The stem cell injection resulted in 130 days of preserved vision in laboratory rats, which roughly equates to 16 years in humans.

Age-related macular degeneration affects upward of 15 million Americans. It occurs when the small central portion of the retina, known as the macula, deteriorates. The retina is the light-sensing nerve tissue at the back of the eye. Macular degeneration may also be caused by environmental factors, aging and a genetic predisposition.

When animal models with macular degeneration were injected with induced neural progenitor stem cells, which derive from the more commonly known induced pluripotent stem cells, healthy cells began to migrate around the retina and formed a protective layer. This protective layer prevented ongoing degeneration of the vital retinal cells responsible for vision.
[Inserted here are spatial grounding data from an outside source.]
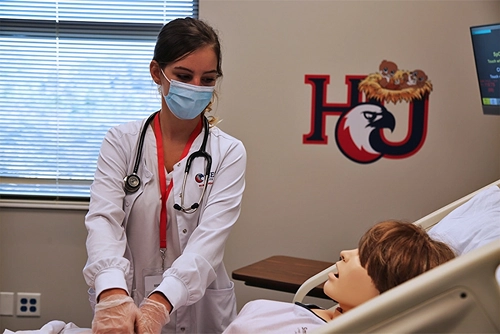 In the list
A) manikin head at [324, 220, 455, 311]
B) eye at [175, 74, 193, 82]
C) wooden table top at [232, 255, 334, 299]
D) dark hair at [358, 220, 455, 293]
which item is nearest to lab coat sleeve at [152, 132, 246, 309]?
eye at [175, 74, 193, 82]

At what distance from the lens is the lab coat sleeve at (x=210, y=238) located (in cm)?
161

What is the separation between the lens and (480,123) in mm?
3234

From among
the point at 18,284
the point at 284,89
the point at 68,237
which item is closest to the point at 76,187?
the point at 68,237

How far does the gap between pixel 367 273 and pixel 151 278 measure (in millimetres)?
783

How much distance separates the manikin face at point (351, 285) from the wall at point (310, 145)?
183 cm

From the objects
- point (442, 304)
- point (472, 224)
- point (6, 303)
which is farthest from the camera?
point (6, 303)

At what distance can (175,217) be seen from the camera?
6.15 ft

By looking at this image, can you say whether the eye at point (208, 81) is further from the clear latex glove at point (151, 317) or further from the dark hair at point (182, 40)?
the clear latex glove at point (151, 317)

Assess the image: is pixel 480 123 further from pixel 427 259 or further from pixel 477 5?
pixel 427 259

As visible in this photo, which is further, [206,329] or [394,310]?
[206,329]

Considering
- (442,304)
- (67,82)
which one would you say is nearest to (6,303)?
(67,82)

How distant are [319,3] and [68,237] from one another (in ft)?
6.03

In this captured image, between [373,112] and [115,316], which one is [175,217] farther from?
[373,112]

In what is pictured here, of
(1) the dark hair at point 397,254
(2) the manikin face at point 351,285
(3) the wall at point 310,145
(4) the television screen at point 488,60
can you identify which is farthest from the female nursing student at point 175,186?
(4) the television screen at point 488,60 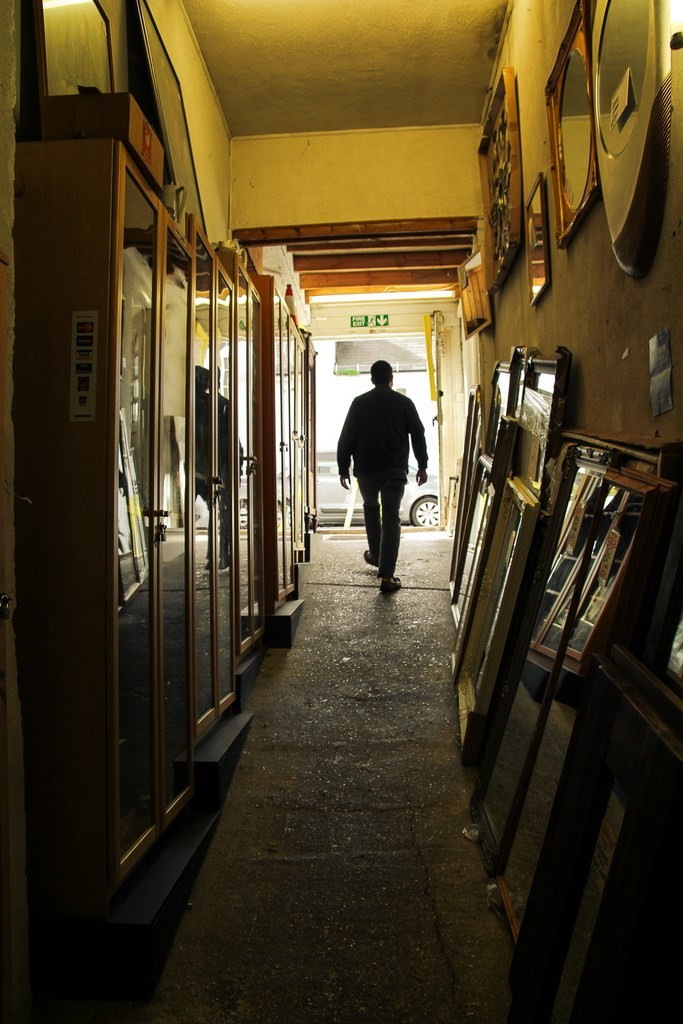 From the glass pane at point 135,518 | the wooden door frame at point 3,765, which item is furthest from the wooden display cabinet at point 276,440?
the wooden door frame at point 3,765

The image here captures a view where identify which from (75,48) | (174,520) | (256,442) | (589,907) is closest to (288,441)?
(256,442)

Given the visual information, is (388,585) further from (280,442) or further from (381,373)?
(381,373)

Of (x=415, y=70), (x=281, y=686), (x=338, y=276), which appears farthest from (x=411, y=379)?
(x=281, y=686)

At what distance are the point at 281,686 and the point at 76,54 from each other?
2519 millimetres

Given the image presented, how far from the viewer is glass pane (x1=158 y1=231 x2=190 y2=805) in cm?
200

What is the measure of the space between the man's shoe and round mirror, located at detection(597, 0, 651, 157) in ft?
11.3

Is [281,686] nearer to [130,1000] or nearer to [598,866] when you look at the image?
[130,1000]

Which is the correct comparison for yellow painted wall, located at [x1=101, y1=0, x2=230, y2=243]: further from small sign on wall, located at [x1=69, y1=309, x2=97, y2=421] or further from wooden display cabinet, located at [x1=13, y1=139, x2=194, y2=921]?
small sign on wall, located at [x1=69, y1=309, x2=97, y2=421]

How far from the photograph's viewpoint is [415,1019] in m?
1.52

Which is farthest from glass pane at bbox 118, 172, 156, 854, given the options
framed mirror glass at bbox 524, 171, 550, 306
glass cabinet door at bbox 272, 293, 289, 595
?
glass cabinet door at bbox 272, 293, 289, 595

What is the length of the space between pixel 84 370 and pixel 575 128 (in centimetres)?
163

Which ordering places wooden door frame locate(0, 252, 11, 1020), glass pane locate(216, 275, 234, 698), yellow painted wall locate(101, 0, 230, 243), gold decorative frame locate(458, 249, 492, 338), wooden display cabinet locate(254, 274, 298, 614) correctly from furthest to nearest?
gold decorative frame locate(458, 249, 492, 338) → wooden display cabinet locate(254, 274, 298, 614) → glass pane locate(216, 275, 234, 698) → yellow painted wall locate(101, 0, 230, 243) → wooden door frame locate(0, 252, 11, 1020)

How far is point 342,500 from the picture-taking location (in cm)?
1083

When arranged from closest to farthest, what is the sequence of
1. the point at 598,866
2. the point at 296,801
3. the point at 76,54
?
the point at 598,866 < the point at 76,54 < the point at 296,801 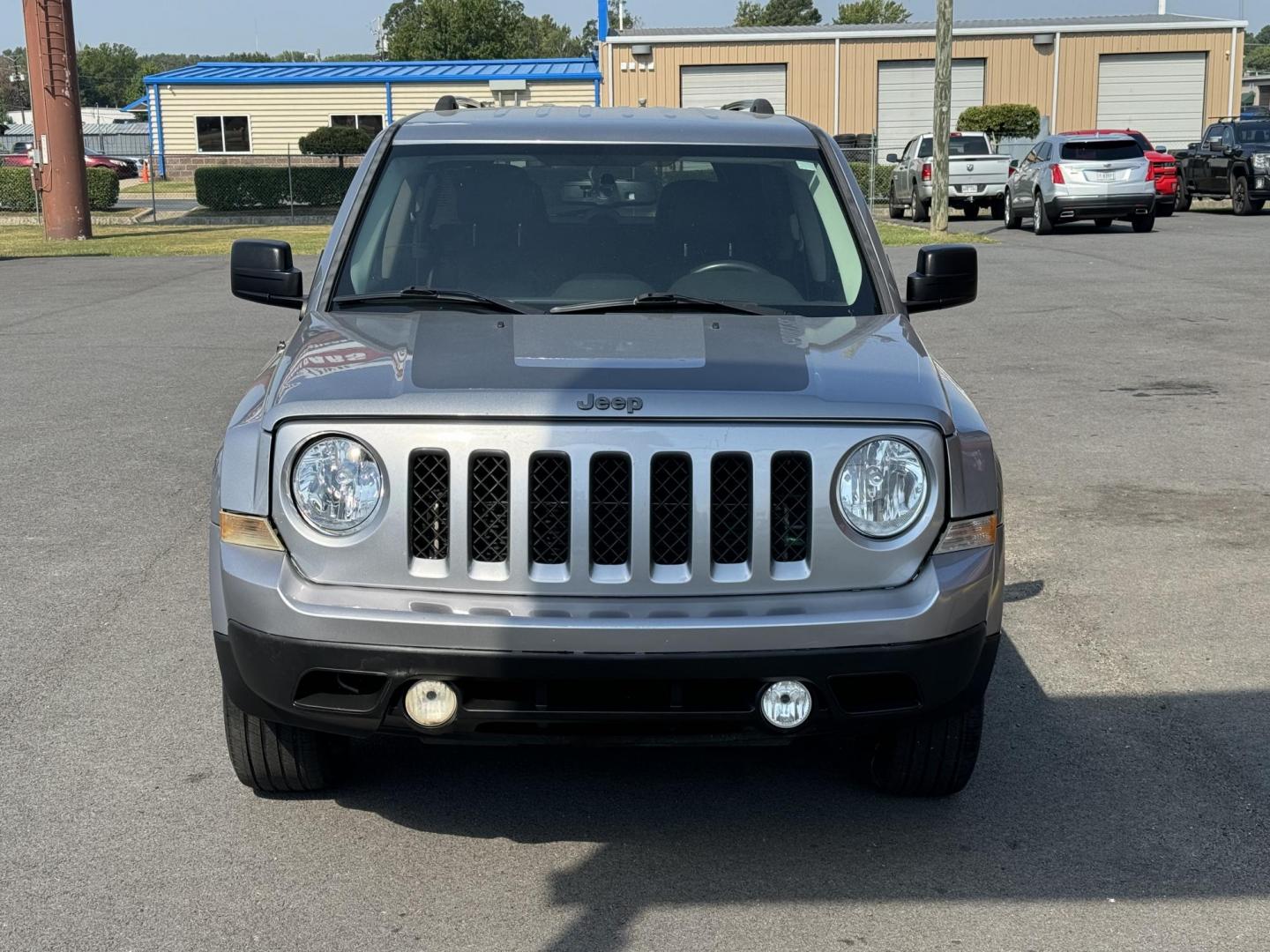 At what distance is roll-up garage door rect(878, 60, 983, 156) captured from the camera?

Cedars-Sinai researchers in the Induced Pluripotent Stem Cell (iPSC) Core, directed by Dhruv Sareen, PhD, with support from the David and Janet Polak Foundation Stem Cell Core Laboratory, first converted adult human skin cells into powerful induced pluripotent stem cells (iPSC), which can be expanded indefinitely and then made into any cell of the human body.

In this study, these induced pluripotent stem cells were then directed toward a neural progenitor cell fate, known as induced neural progenitor stem cells, or iNPCs.

“These induced neural progenitor stem cells are a novel source of adult-derived cells which should have powerful effects on slowing down vision loss associated with macular degeneration,” said Clive Svendsen, PhD, director of the Board of Governors Regenerative Medicine Institute and contributing author to the study.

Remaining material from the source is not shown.